HT: Craigellachie
From the London Times online:
Save me from this monstrous regiment of Christmas women
It was the gingerbread house that did it this weekend at the school
Christmas fair. It came with every mod con including, probably, a
marzipan Aga and planning permission for a treacle-toffee loft
extension. When my daughter compared it with our festive offering —
biscuits with icing that looked less like seasonal motifs than the gory
aftermath of some nasty angel violence — she burst into tears. I felt
like doing the same.
Yes, Christmas is here, the time of year when middle-class mothers
form into marauding bands of DIY enthusiasts and run amok at school
fêtes, threatening terrified incompetents like me with their range of
icing nozzles and home-made cards.
So grim is their determination to secure the best berries for
decorative purposes — decking the halls with boughs of holly is like a
biblical commandment to them — that the local robins avoid seasonal
starvation only by migrating with the swallows. Nature doesn’t stand a
chance.
They are people so competent that had they been around when
Jesus was born they’d probably have whipped up a stable, manger and
even a Babygro or two before you could say “Hallelujah!”
Rationally, I know that there’s no such thing as a genetic
disposition to handicraft. If there were, I tell myself, we’d all be
born clutching a copy of the Lakeland craft catalogue complete with a
guide to turning the placenta into a striking but practical table
centrepiece.

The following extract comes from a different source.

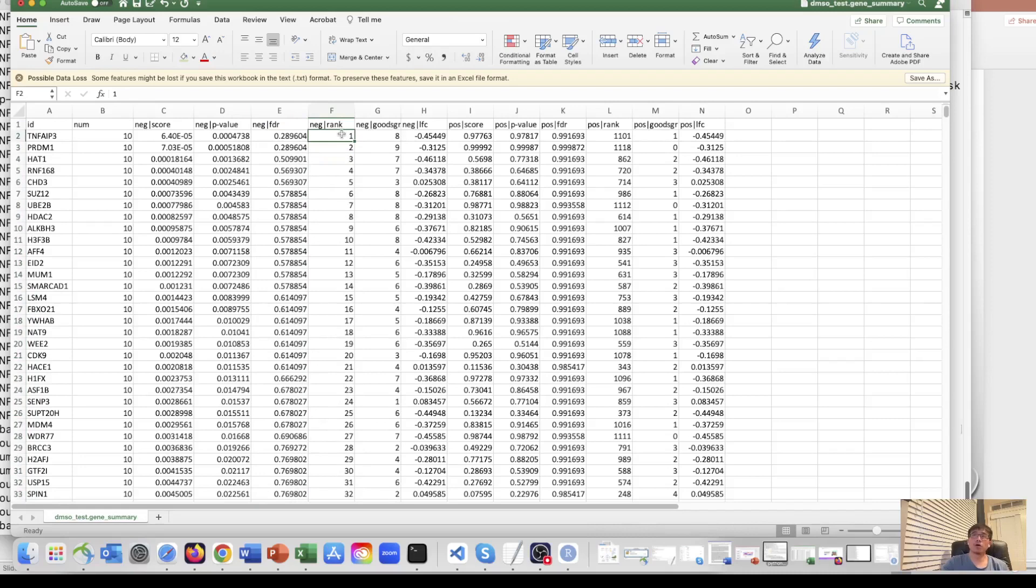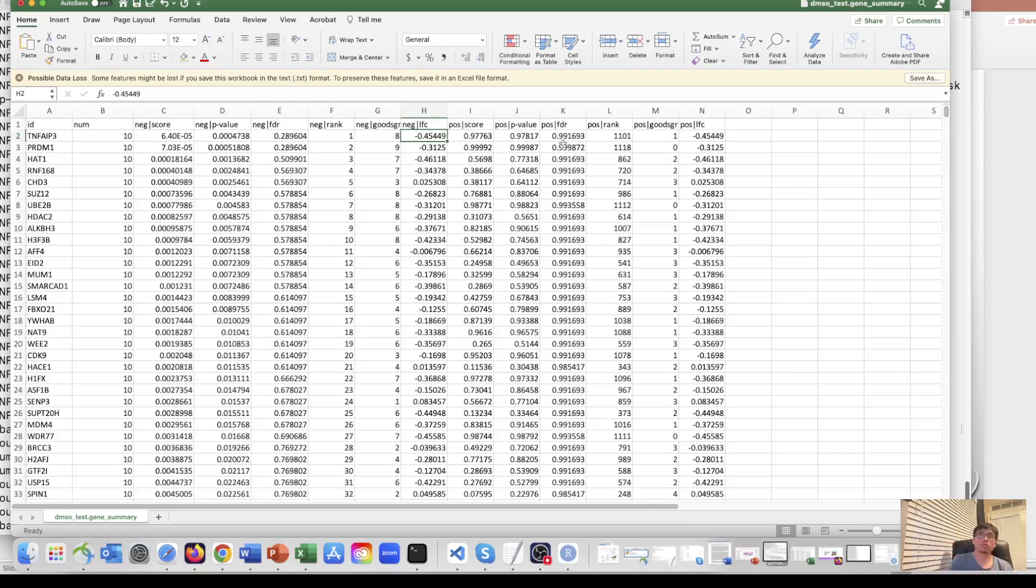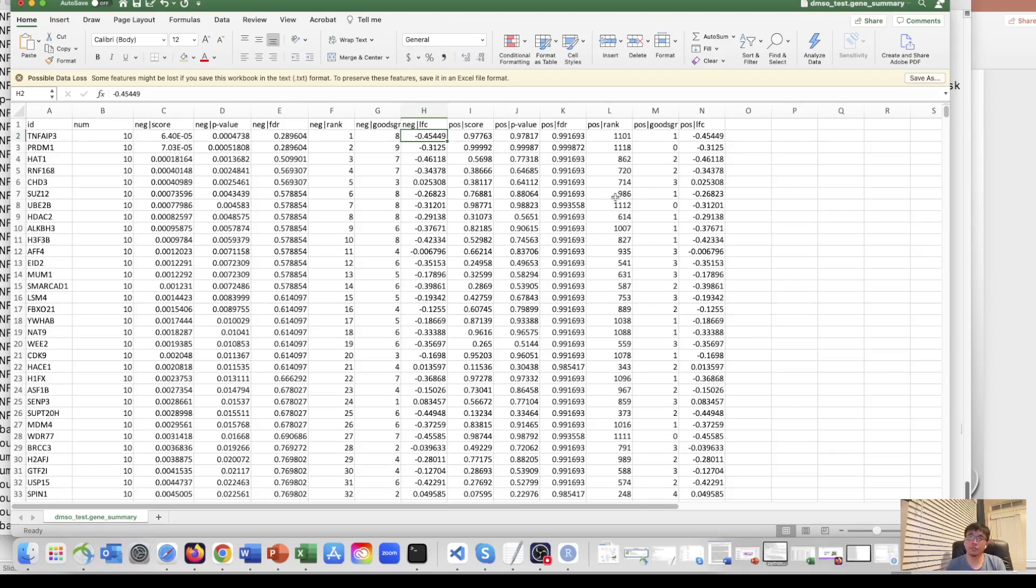So also it has the positive score. So this for positive selection. So it's bi-directional. You can select the top ones with negative selection and top one with positive selection to see what are these. And these are the gene hits you need to further validate.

For the rest of the year, it’s not something that bothers
me, apart from the odd twinge at the Viking-themed cake sale when every
other parent arrives at school with national curriculum-approved
lemon-drizzle cakes — with horns.
After all, it’s not as if I haven’t had time to come to terms with
the fact that however much I hone my DIY skills, they’ll always remain
a blunt festive instrument. Take Christmas cookery. After years of
trying, I’ve accepted that, in the right hands, icing sugar is a
versatile ingredient capable of transforming mundane cakes into
confections of breathtaking complexity. In my hands, it becomes a
substance so volatile that it’s the catering equivalent of a plastic
explosive, capable of self-detonation at any second and forming choking
clouds of white, sticky dust that coat children, pets and the tops of
kitchen units well into the new year.
Add the cookies that started off as Christmas stars only to
flow over the edge of the baking tray like the “after” photograph in
one of those educational “Build a Volcano” sets. Then there are carrot
cakes featuring whole carrots, and the home-made Play-Doh decorations
that never set. It’s no surprise that where good mothers trawl through
cookery books to make seasonal gifts, I ignore them, or feign death,
knowing that all I’ll end up with is a recipe for disaster.
I have clung to the hope over the years that the sting of
seasonal public humiliation would become less painful. But it’s got
worse. I thought nothing could top the shame of the nativity play which
my son’s trousers slowly descended during Away in a Manger,
the result of my decision to use an old hosepipe for the tail of his
donkey costume. But this year I was uninvited from the tombola
prize-wrapping coffee morning because of my poor showing at an earlier
pass-the-parcel event.
So this Christmas, spare a thought for those less fortunate
than yourself as you finish chainsawing the final ox for your nativity
scene just in time to greet casual visitors with Handel’s Messiah, rescored for three triangles and solo recorder; carol Jingle Bells
as you skip through the wood to where your perfectly symmetrical pine
tree awaits, knowing that your superior co-ordination guarantees that
your axe will strike only wood and never a major artery, or lovingly
weave the final strand of ivy into the front-door eye candy that is
your home-made wreath.
There’s one bright spot, though. For a while I worried for my
children, fearing that my failure in a festive world would blight their
future. But I think they may have worked things out for themselves. At
bedtime recently, there was a flurry of activity as they hid a book
under the bedclothes. I could swear it was called Crochet Yourself a Better Mother in Time for Christmas.